Segment Start: Material provided

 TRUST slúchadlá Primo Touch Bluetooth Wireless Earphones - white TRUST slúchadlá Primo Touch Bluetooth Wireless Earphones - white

Segment End: Material provided
Segment Start: Material provided

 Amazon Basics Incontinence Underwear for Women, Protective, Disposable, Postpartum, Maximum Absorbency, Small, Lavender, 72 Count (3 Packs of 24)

Segment End: Material provided
Segment Start: Material provided

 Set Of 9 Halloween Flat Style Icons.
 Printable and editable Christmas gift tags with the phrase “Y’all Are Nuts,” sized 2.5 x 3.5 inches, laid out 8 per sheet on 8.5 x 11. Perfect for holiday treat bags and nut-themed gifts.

Segment End: Material provided

### Work to complete
Starting at the line above that contains "Set Of 9 Halloween Flat Style Icons.", repeat each line exactly up to and including the line that contains "Printable and editable", and stop there.

### Expected output
 Set Of 9 Halloween Flat Style Icons.
 Printable and editable Christmas gift tags with the phrase “Y’all Are Nuts,” sized 2.5 x 3.5 inches, laid out 8 per sheet on 8.5 x 11. Perfect for holiday treat bags and nut-themed gifts.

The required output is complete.